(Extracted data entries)
--------------------------------------------------

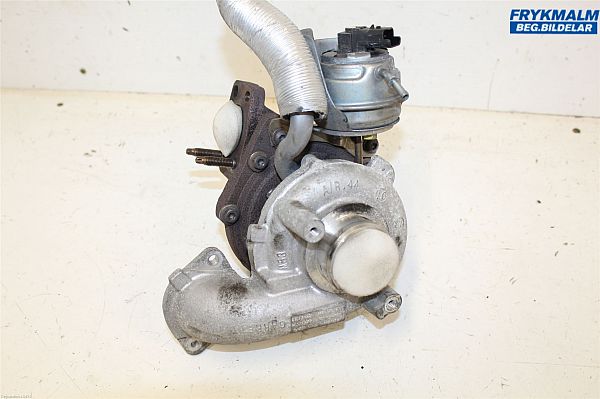 Turbo charger CITROËN C4 Picasso I MPV (UD_)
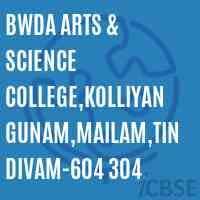 BWDA Arts & Science College-image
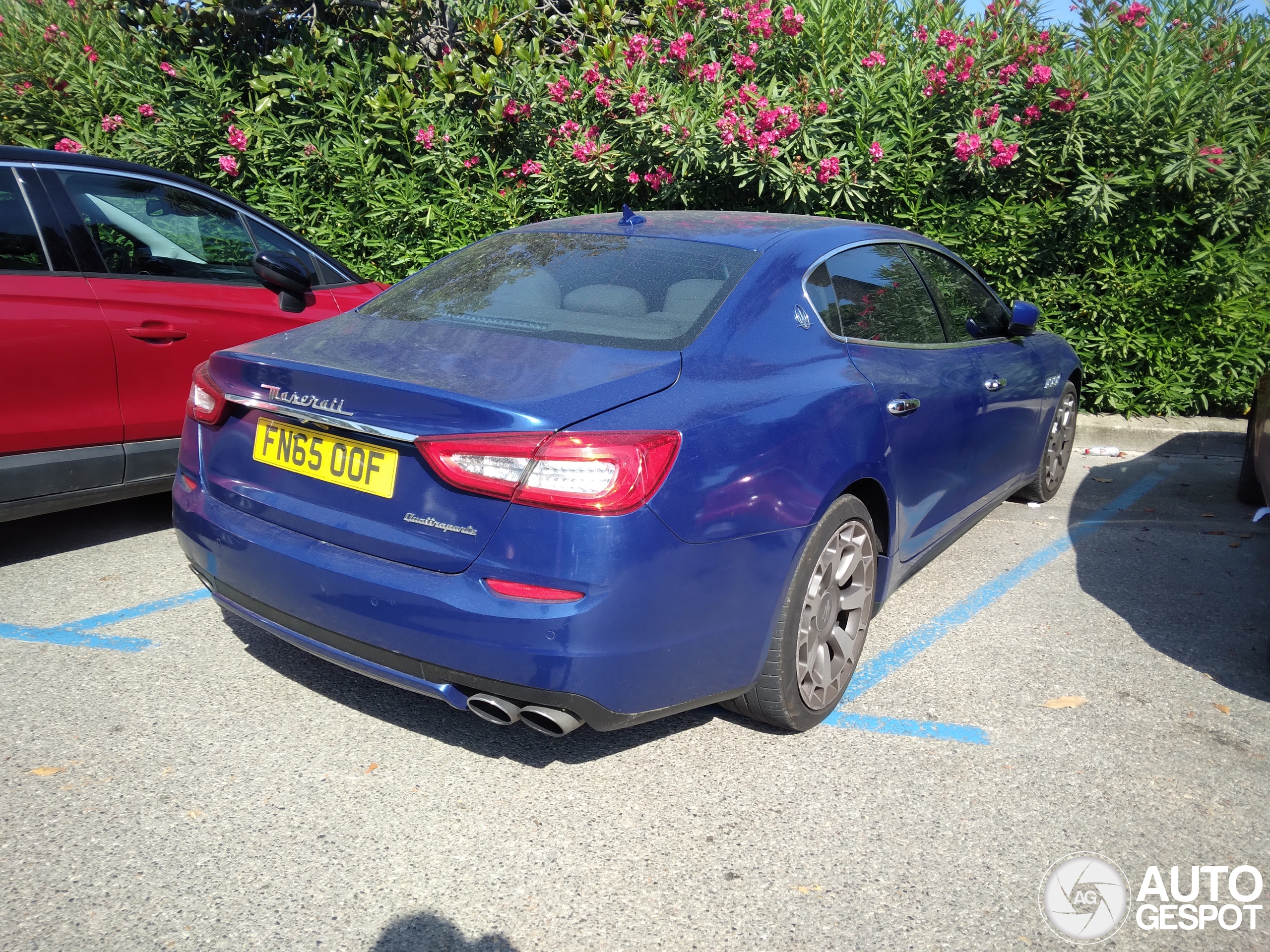 Maserati Quattroporte S 2013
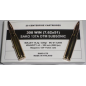 CARTOUCHES SAKO MILITAIRE .308WIN 7.62X51 220GR SUBS 137AW OTM BTE20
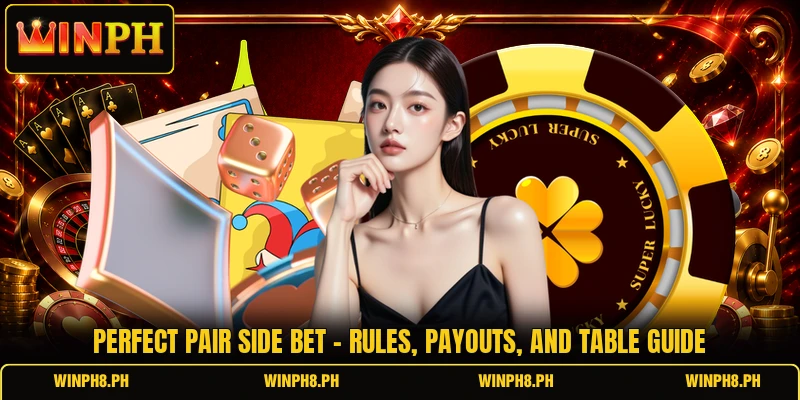 Perfect Pair Side Bet - Rules, Payouts, And Table Guide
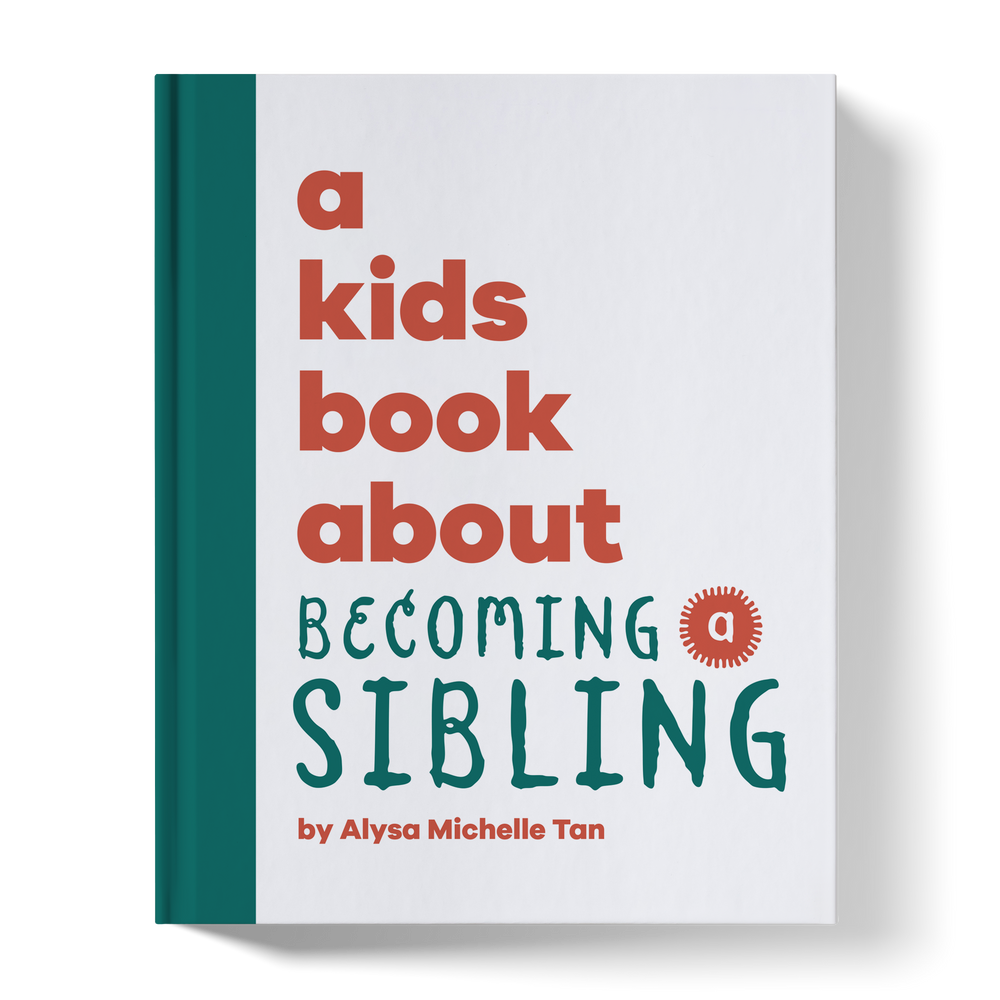 A Kids Book About Becoming a Sibling (ONLINE ORDER ONLY)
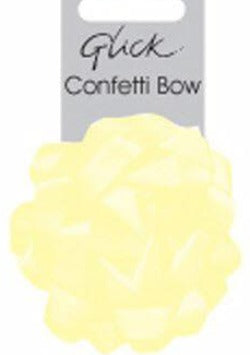 Gift Wrap - Bow / Lemon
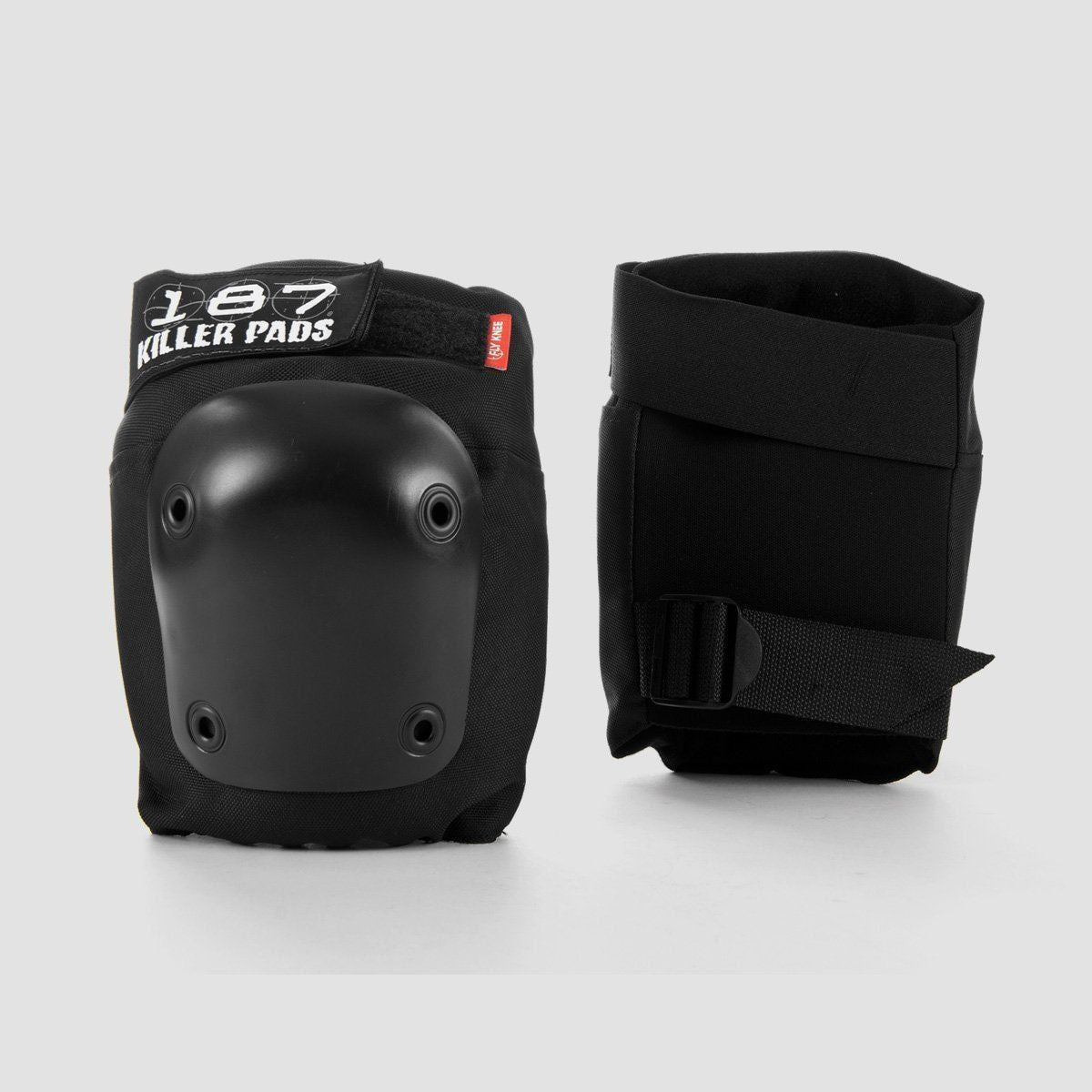 187 Killer Fly Knee Pads Black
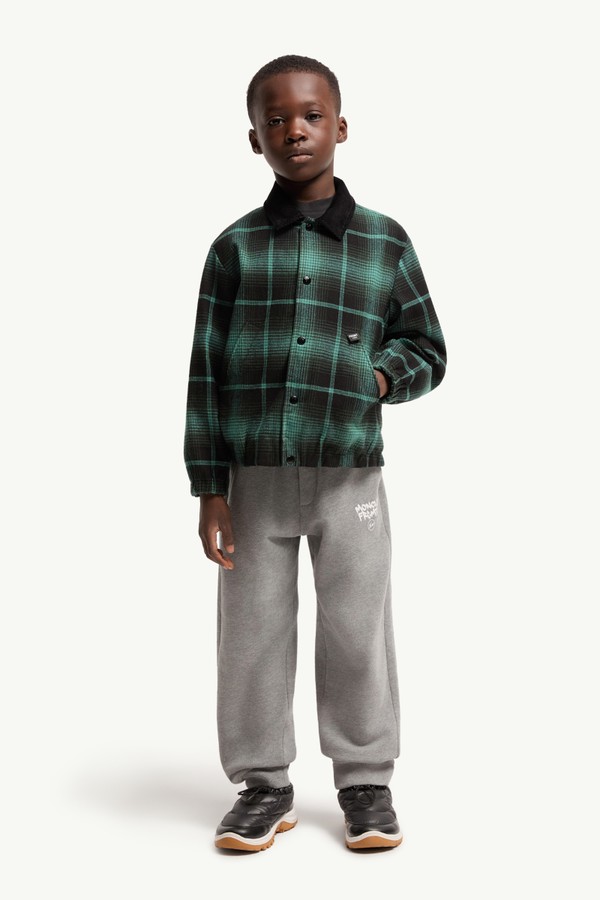 Moncler x FRGMTmini運動褲 男童 灰色 Moncler 0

--------------------------------------------------

» **Exercise description**
Only the lines from the line with "Gift Wrap - Bow / Lemon" through the end of the entries above, copied exactly and with both ends included, belong in the response; the pictures do not.

» **Task result**
 Gift Wrap - Bow / Lemon
 187 Killer Fly Knee Pads Black
 Moncler x FRGMTmini運動褲 男童 灰色 Moncler 0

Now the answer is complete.